All Hail: Only Buffalo gets pizza right

Let me begin by saying Boston pizza sucks. If I was given a choice between eating the pizza here and dusting my grandmother’s antiques with my tongue, I’d go with the latter. Each time someone tells me he or she enjoys Cappy’s or BHOP, a little bit of my soul dies. Yet, one must wonder: What right do I have to criticize Boston pizza?

Simple. I’m a Buffalonian.

When you’re from Buffalo, N.Y., there’s no end of gripes you can have about your hometown. Most of us can’t wait for college so we can get the hell out. The snow, the cluttered urban landscape and inbred city politics do not create a pleasant place to live.

However, there is one thing we don’t screw up: pizza and wings. You know, buffalo wings? From Buffalo?

Let me explain how this works. Normally, you would think the best quality food would come from a clean, well-maintained facility with many well-dressed, high-spending patrons. Well, Buffalo does things a little differently. In fact, some could even say a little backwards. Basically, the more likely you are to see trash littering the bathroom floors, the better the pizza is going to be.

Where am I going with this? Well, let me sum up by stating that Boston pizza joints, for all intents and purposes suck.

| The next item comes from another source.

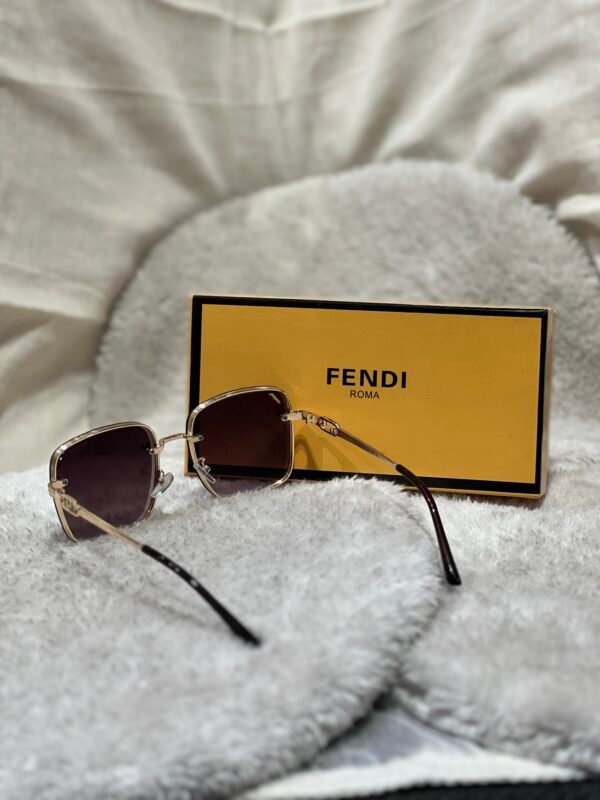 Fendi Premium Imported Sunglasses - Image 3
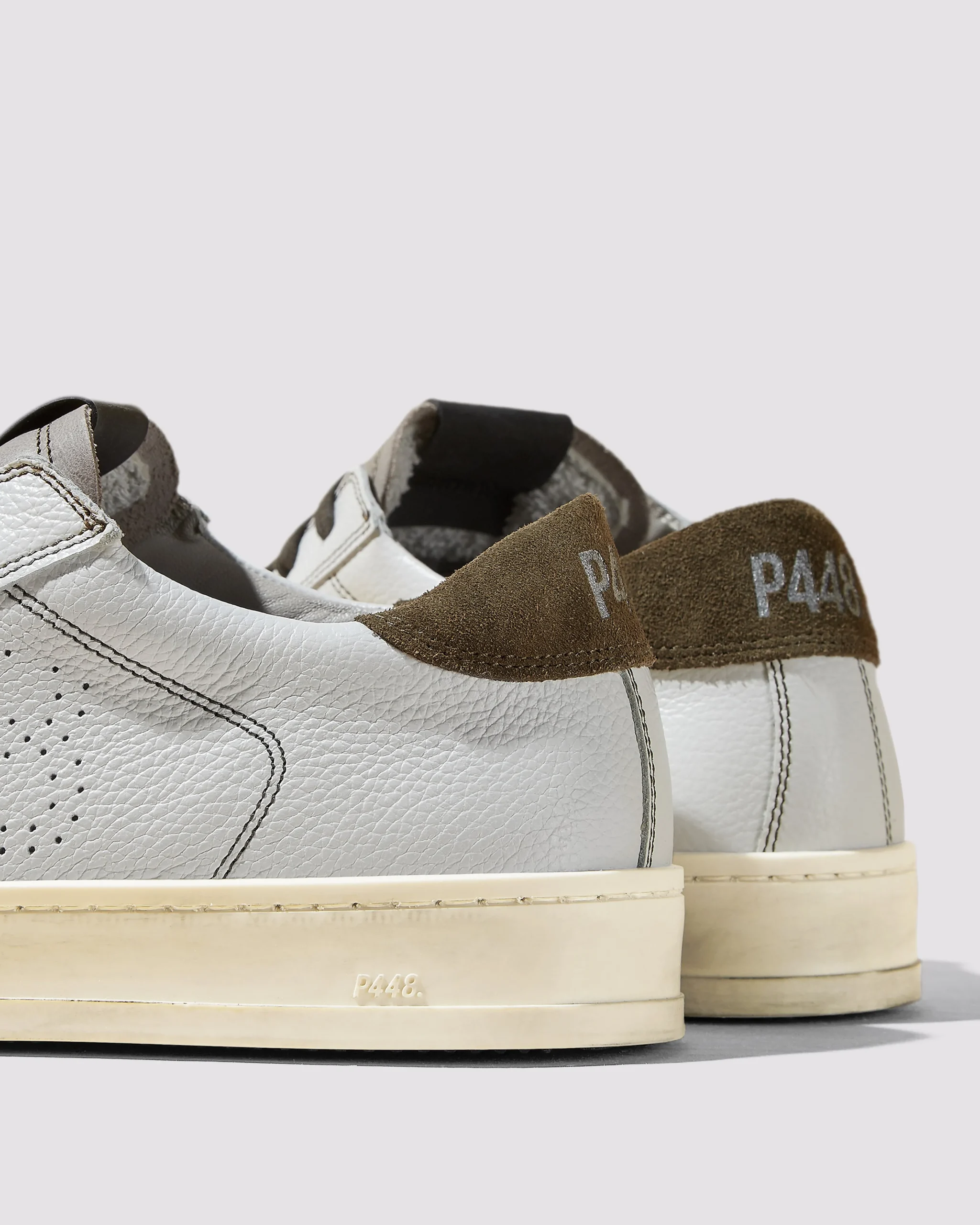 P448 Low Tops>Jack Herb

Even though I am just a lowly freshman, my experience with the surrounding pizza parlors in addition to both Stetsons give me some experience with the subject.

We’re going to kick this off with, in my opinion, the most egregious offender, BHOP. Conservatively, I would say BHOP pizza is probably one of the three worst pizzas I’ve ever had, including cold Papa John’s. The cheese is decent, the sauce is OK, but the crust is just plain concrete. It’s as if someone handed me a cinder block with pizza flavoring. Perhaps their only saving grace is the fact you can salvage its taste simply by adding bleu cheese. Yes, I eat bleu cheese with pizza. It’s a Buffalo thing. In its defense, BHOP does have some decent subs, but the pizza tastes like something chained to the ankle of a prison inmate.

Cappy’s is decent, but if I can bring your attention back to the aforementioned lack-of-cleanliness-and-pizza rule, there is much room for improvement in my book. I mean, I don’t expect to go into the bathroom and find that someone has taken a dump on the linoleum, but we’re not exactly talking about the Ritz here. And their bleu cheese sort of has a metallic taste. I don’t care what anyone says, I should not have a metallic taste in my mouth unless I’m sucking on pennies.

I guess the greatest indictment of area pizza is that I prefer both dining halls to Cappy’s or BHOP. Now, nothing against Chartwells, because they do a great job with their food (except those scrambled eggs; those need to go, and soon). But whenever you prefer a cafeteria that has to prepare about 30 different types of food to a restaurant specializing in one type of food, you know there’s a problem.

Again, it isn’t like I’ve done a ton of research here. I’ve heard great things about New York Pizza on Columbus Avenue, and I haven’t even touched Uno’s yet. Maybe I am being a little arrogant, calling myself a pizza aficionado simply because I’m from Buffalo. But you’ll have to excuse me if I get irked when I ask for filet mignon and I get handed spare ribs.

– Steve Brachmann is a freshman journalism major.